Nothing should appear in the answer except the lines below from the line containing "Aline, Morris and" through the line containing "Vintage Blackjack 200", copied exactly, with pictures left out.

◆ EXCERPTED RECORDS:
- Opening Delimiter -

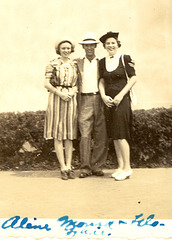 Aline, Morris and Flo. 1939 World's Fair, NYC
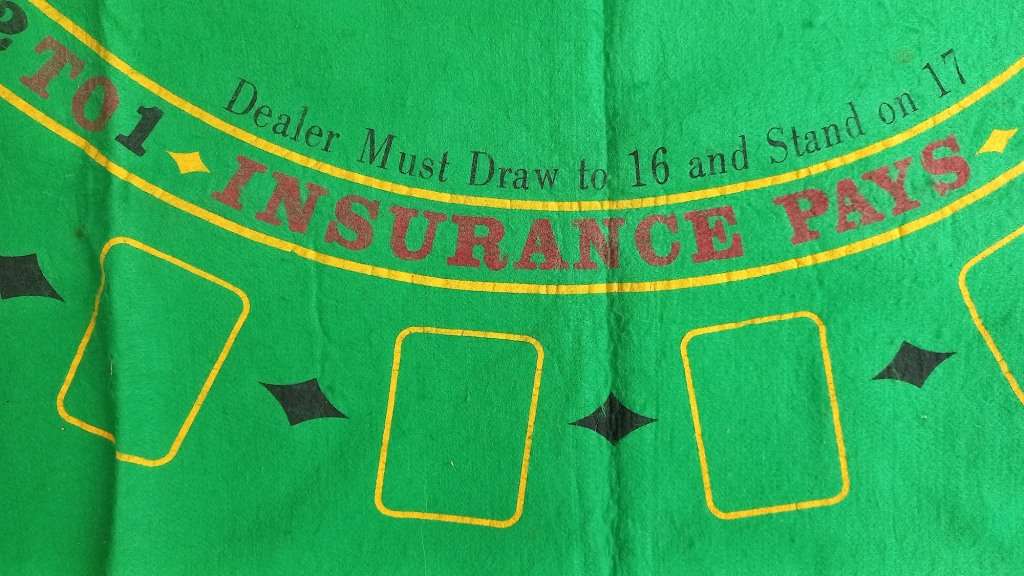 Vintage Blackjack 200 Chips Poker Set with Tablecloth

- Closing Delimiter -
- Opening Delimiter -

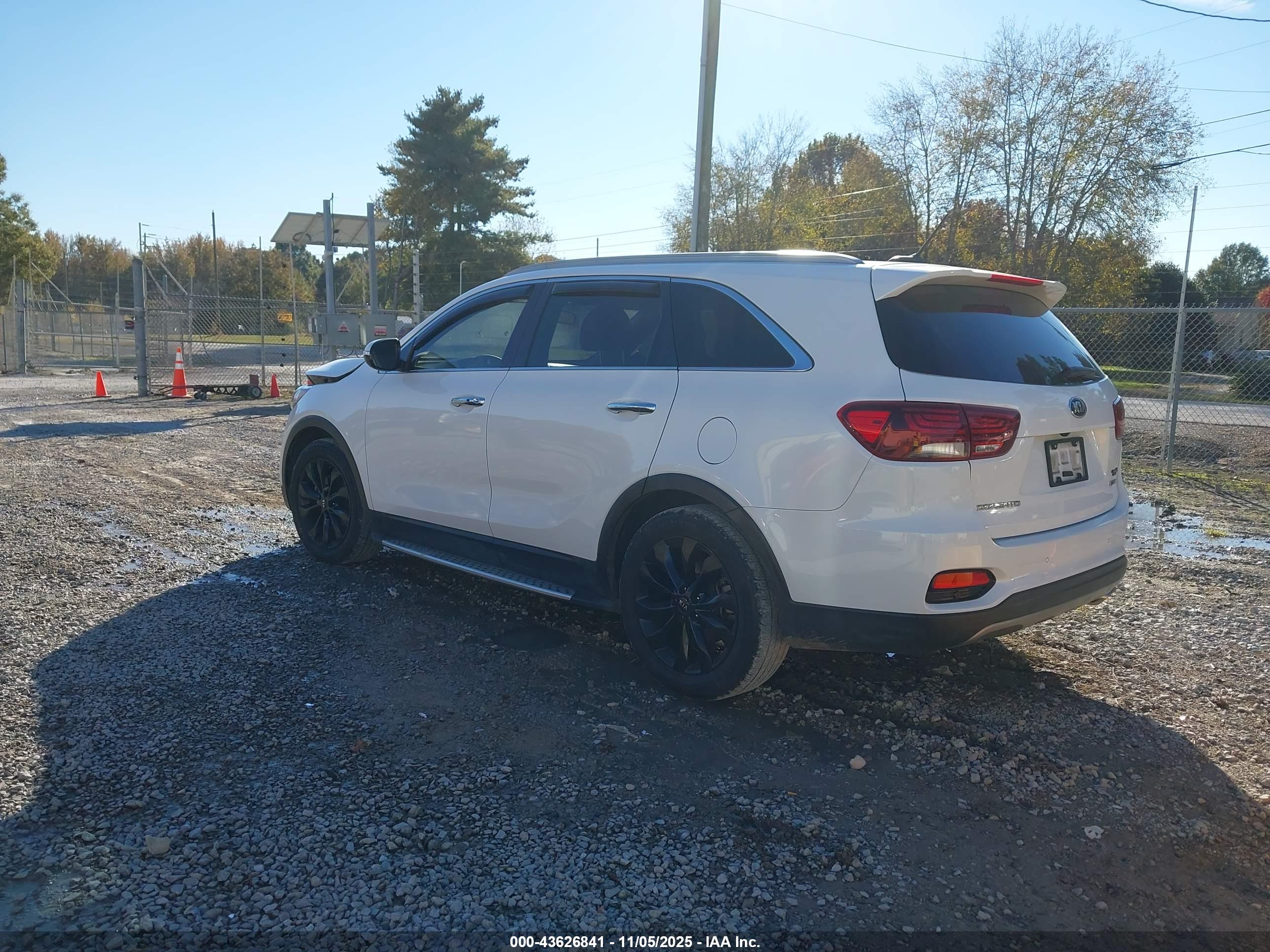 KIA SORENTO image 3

- Closing Delimiter -

◆ PROBLEM SOLUTION:
 Aline, Morris and Flo. 1939 World's Fair, NYC
 Vintage Blackjack 200 Chips Poker Set with Tablecloth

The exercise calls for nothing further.